Et, avec en plus les soucis d’indisponibilité des avions, cela joue sur la formation et l’entraînement des équipages, au point que la question du maintien de compétences complexes, comme la navigation très basse altitude, le posé d’assaut ou le posé de nuit, se pose.
« Aussi, les pilotes expérimentés sont déployés en OPEX, privant ainsi les jeunes restés en métropole d’instruction. Quant à ceux qui ont eu l’opportunité d’achever leur formation, ils sont contraints de s’entraîner en opérations. De plus, alors que les heures de vol sont déjà contraintes, il importe de comprendre que, pour les personnels navigants, le décompte des heures de vol a lieu que le pilote soit aux commandes ou simplement dans l’avion : le nombre d’heures de vol ne reflète ainsi pas nécessairement le nombre d’heures permettant effectivement d’entretenir les compétences », explique le député.
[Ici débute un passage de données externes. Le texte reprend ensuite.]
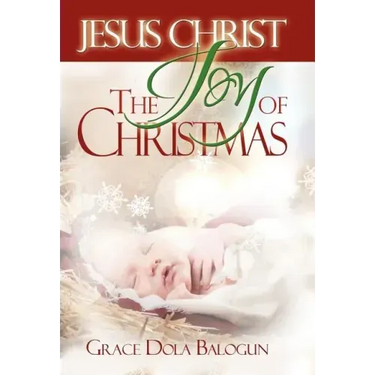 Jesus Christ The Joy Of Christmas
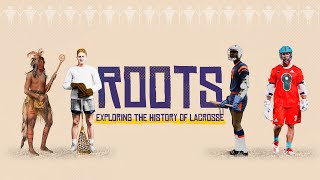 Roots Exploring the History of Lacrosse [upl. by Chader134]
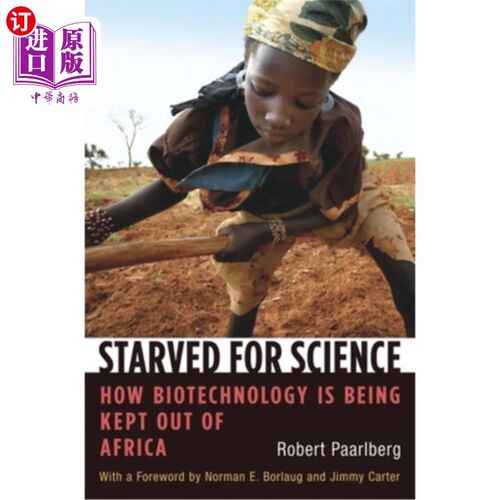 海外直订Starved for Science: How Biotechnology Is Being Kept Out of Africa 对科学的渴求：生物技术是如何被排除在非洲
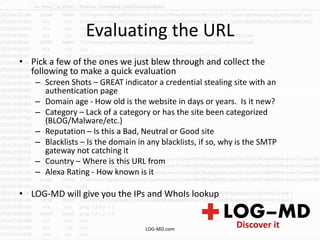 Evaluating the URL
• Pick a few of the ones we just blew through and collect the
following to make a quick evaluation
– Screen Shots – GREAT indicator a credential stealing site with an
authentication page
– Domain age - How old is the website in days or years. Is it new?
– Category – Lack of a category or has the site been categorized
(BLOG/Malware/etc.)
– Reputation – Is this a Bad, Neutral or Good site
– Blacklists – Is the domain in any blacklists, if so, why is the SMTP
gateway not catching it
– Country – Where is this URL from
– Alexa Rating - How known is it
• LOG-MD will give you the IPs and WhoIs lookup
LOG-MD.com
 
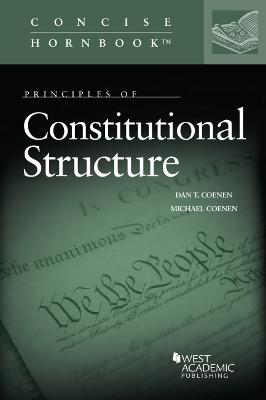 Principles of Constitutional Structure - Coenen, Dan T., and Coenen, Michael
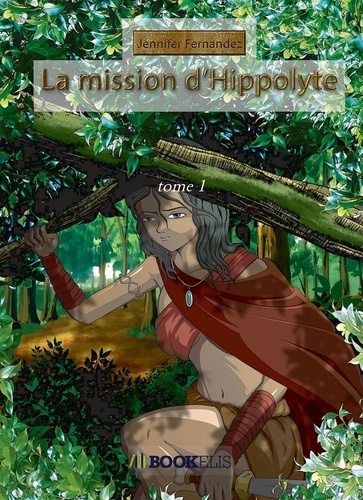 Emprunter La mission d'Hyppolyte. Tome 1 livre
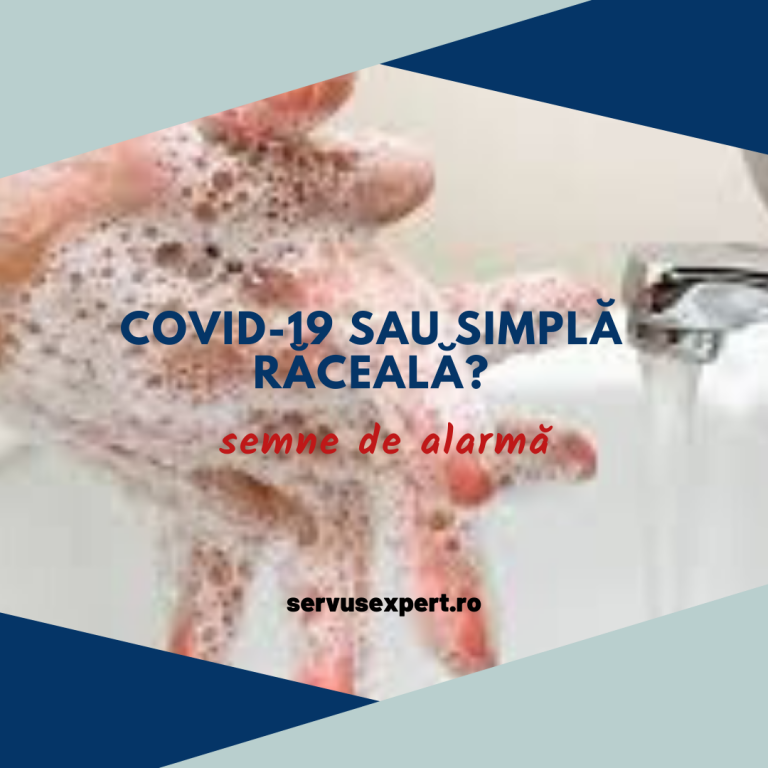 COVID-19 sau simplă răceală: semne de alarmă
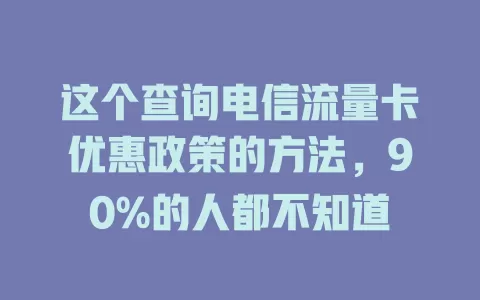 这个查询电信流量卡优惠政策的方法，90%的人都不知道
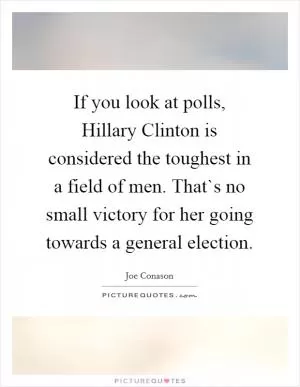 If you look at polls, Hillary Clinton is considered the toughest in a field of men. That`s no small victory for her going towards a general election Picture Quote #1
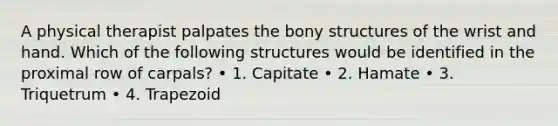 A physical therapist palpates the bony structures of the wrist and hand. Which of the following structures would be identified in the proximal row of carpals? • 1. Capitate • 2. Hamate • 3. Triquetrum • 4. Trapezoid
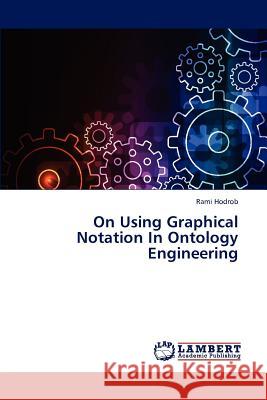 On Using Graphical Notation In Ontology Engineering Hodrob Rami 9783659305658 LAP Lambert Academic Publishing - książka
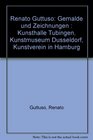 Renato Guttuso Gemalde und Zeichnungen  Kunsthalle Tubingen Kunstmuseum Dusseldorf Kunstverein in Hamburg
« En asséchant les flux de recrutement durant cinq ou six ans, l’armée de l’air a en fait perdu une génération de pilotes, ce dont on mesure les effets aujourd’hui tant dans le vivier OPEX que pour l’encadrement intermédiaire », souligne-t-il encore.
Mais ces problèmes de ressources humaines ne concernent pas seulement le personnel navigant : les mécaniciens et autres techniciens, sans lesquels il n’est pas possible de faire décoller un avion, sont également sous tension, avec, là aussi, le risque d’une perte de savoir-faire. « Sur la base aérienne d’Évreux, la moitié des mécaniciens a moins de deux années d’ancienneté. La diminution du nombre de personnels qualifiés participe également des difficultés de la préparation opérationnelle », note le rapport.
Le souci est que de nombreux spécialistes quittent l’armée de l’Air au terme de leur contrat et que le recrutement a du mal à suivre, en raison de la forte demande du secteur privé. « Offrant des rémunérations plus élevées pour des emplois aux sujétions moindres, avec peu de mobilité géographique, des primes de responsabilité élevées et un meilleur équilibre entre vie privée et vie professionnelle, les entreprises civiles accueillent un nombre croissant de jeunes sous-officiers qui ont quitté l’institution et des sous-officiers expérimentés aux qualifications et compétences recherchées », assure M. Ferrara.